I am doing some experiments using TensorRT.
I am doing as described here. ( https://devtalk.nvidia.com/default/topic/1050377/jetson-nano/deep-learning-inference-benchmarking-instructions/ )
Command example : ./trtexec --output=prob --deploy=…/data/googlenet/googlenet.prototxt --fp16 --batch=1
result : Average over 10 runs is 0.854739 ms (host walltime is 1.02564 ms, 99% percentile time is 0.871968) (It’s longer, but I’ll just write one line down.)

I understand that depending on GPU performance, if you raise the batch size to a moderate extent, it will speed up.
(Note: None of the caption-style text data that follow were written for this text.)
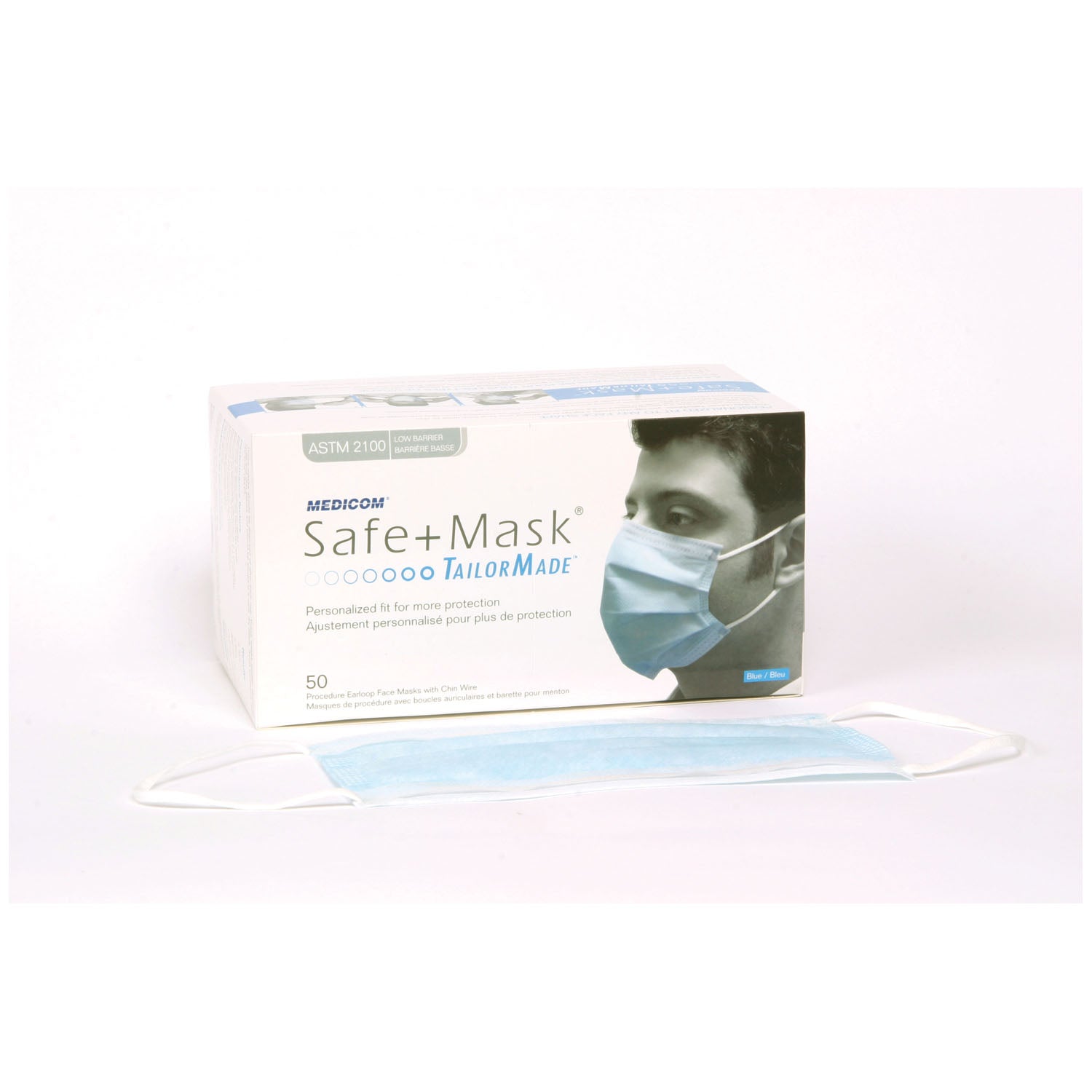 Procedure Earloop Mask with Chin Wire, ASTM LEVEL 1 Low Barrier, Blue, 50/bx, 10 bx/cs (Not Available for sale into Canada)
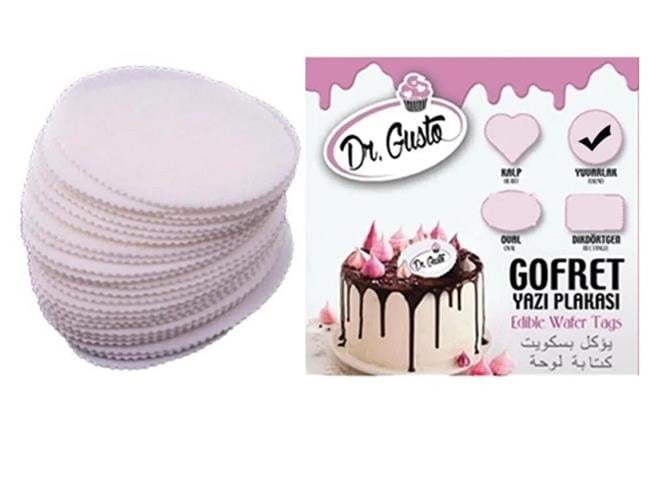 Dr.Gusto Gofret Yazı Plakası Yuvarlak 25'li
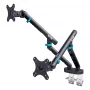 Monitor mount DIGITUS Dual design for 2×35 inch screens, clamp, 2×10 kg, VESA 75×75–100×100, tilt -45–90°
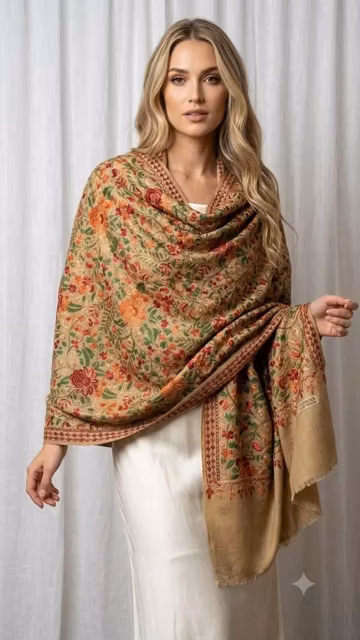 Luxury Embroidered Pashmina Shawl : Heavy Floral Needlework Wrap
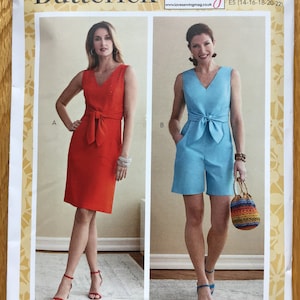 Strampler Kleid und Strampler Schnittmuster Butterick 6760 UNCUT Damen Größe 38 - 22 Alle Größen Enthalten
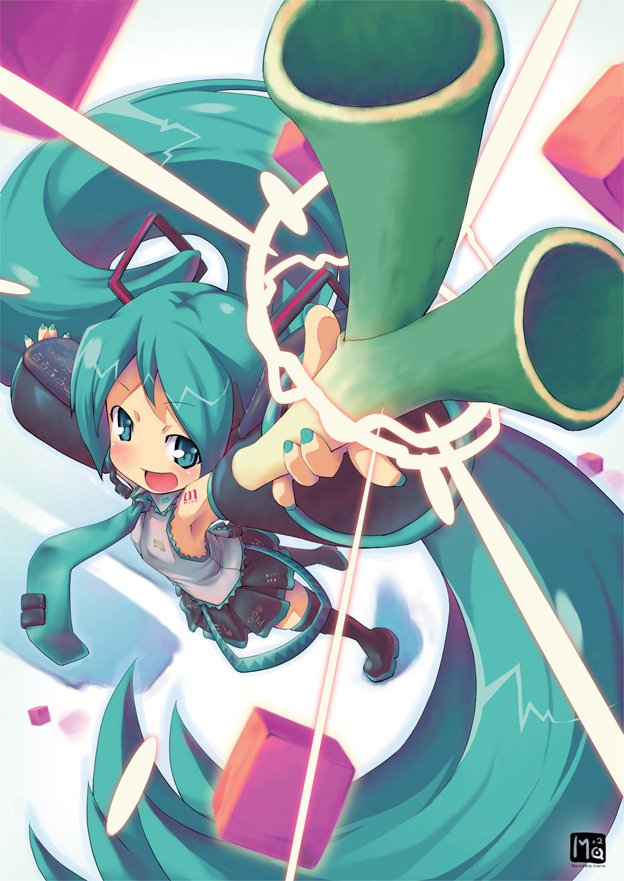 shina mama, hatsune miku, vocaloid, bad id, bad pixiv id, 1girl, aqua eyes, aqua hair, arms up, female focus, full body, long hair, nail polish, necktie, solo, spring onion, very long hair, warawara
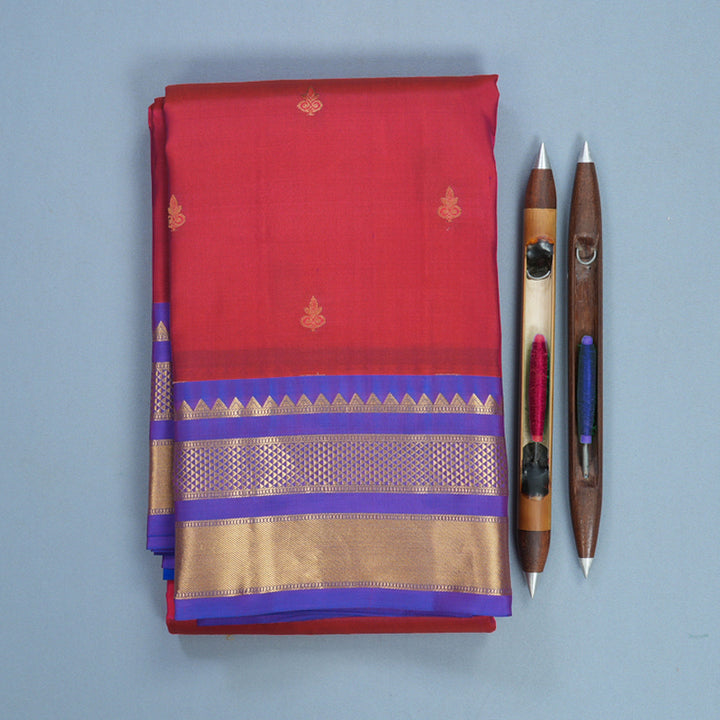 Hayagrivas Handloom Orangish-Pink Kanjivaram Silk Saree with Purple Border KBF688G2-17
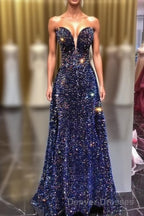 Chic Long Strapless Sparkly Tight Prom Dress Formal Party Dress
So I raised the batch size.
Command example : ./trtexec --output=prob --deploy=…/data/googlenet/googlenet.prototxt --fp16 --batch=10
result : Average over 10 runs is 2.18824 ms (host walltime is 2.45414 ms, 99% percentile time is 2.21197).

The result showed that the ms increased. Does this result mean that 2.xxx ms came out when it ran batch size 10 times?
Is it right that it did it 10 times when the batch size was 1, and 100 times when the batch size was 10 times?
It’s a little confusing because of (Average over 10 runs is).